The first of these hills is the agent vs. agentless debate. As security software providers get more innovative and creative with the ways in which they can interact with your environments, applications and data to keep you safe, marketers have taken these approaches and created philosophical and ideological camps around the fact that these new agentless ways of scanning and protecting an environment are the only proper way to secure a "modern" enterprise. When in reality, both agent and agentless technologies are needed for a more comprehensive approach to security. The second infamous hill is secure left vs secure right. Once again, marketers have extended a security best practice into an absolute truth. Securing left vs right refers to where security professionals should focus their security policies, controls, and resources, prior to deploying software in production or as it is running in production. I believe this is a false dichotomy and if you're only doing one side or the other than you will fall into the trap of securing left but never truly securing right (pun intended!).
The last hill where I see bodies littered in security is in the dichotomy between whether security is a people/operations problem or a security tooling/visibility/detection problem. There are those that sell and profess security is merely a bodies problem and if we had enough trained resources then we would never be hacked because we would have enough counter-hackers to fight the threat actors. Then there are those that sell the latest, greatest snake oil and band-aid to the en vogue security problem of the day; this is how enterprises end up with 75 tools in their security portfolio that are halfway implemented or are implemented but just giving the organization a plethora of in-actionable alerts to combat with their lack of skilled resources. In reality, technology is a cornerstone of any positive detection program but that technology has to help you solve both the technical security problems but the operational ones as well. In this post, I will explore the pros and cons of both sides of these various hills that have become battlefield landscapes in the security sales space. I will then explore the more nuanced, humble, and comprehensive approach that is needed as we approach each of the underlying problems that these hills grew around.
Agents vs Agentless: How Should We Instrument Security Tooling?
If you look at the Google search results for agent vs agentless, you will see the results littered with thought pieces, analyst research, and ads arguing for certain approaches over another or ads pointing you to products using that "feature" as a unique selling proposition. For those new to the space, an agent-based security is an approach in which agent code is deployed directly to a cloud, container, virtual machine, or bare-metal server to capture deep telemetry about the security of an environment and its workloads. An agentless approach is an approach in which no code is deployed on the workloads to capture information about the security of an environment and its workloads. Instead, telemetry is gathered using non-invasive methods, such as through cloud APIs or through processing log files.

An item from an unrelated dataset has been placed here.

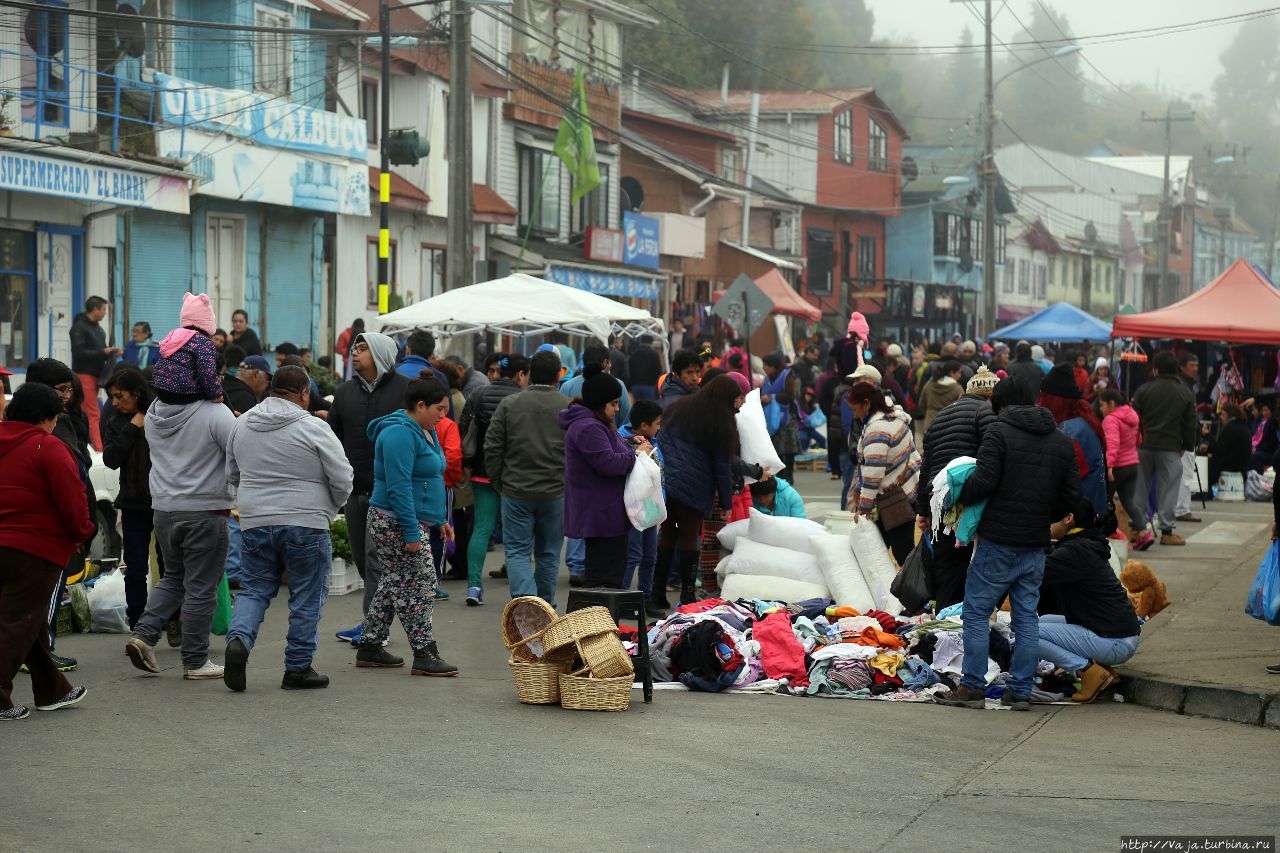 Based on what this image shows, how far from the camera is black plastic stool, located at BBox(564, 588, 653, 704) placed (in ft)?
29.7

The Deepfence does a good job in their blog post on the subject of agent vs. agentless highlighting some of the key differences between the two approaches in the following table:
As you can see from this chart, the discussion around how you should instrument security tooling is not black and white but shades of Deepfence blue and grey haha! It is use case and environment dependent and comes with different risks, benefits and trade-offs! For point-in-time looks at my security risk posture, for compliance and vulnerability scanning, and for public cloud posture assessments, agentless scanning is ideal as it is lightweight, is able to account for the elastic and ephemeral natures of cloud deployments, and able to use the data from the cloud providers themselves to make generalized assessments of the compliance and security of the cloud itself and how you have configured it. This is an important step in combatting our half of the shared responsibility model in the cloud but to say it is all we need is a misnomer.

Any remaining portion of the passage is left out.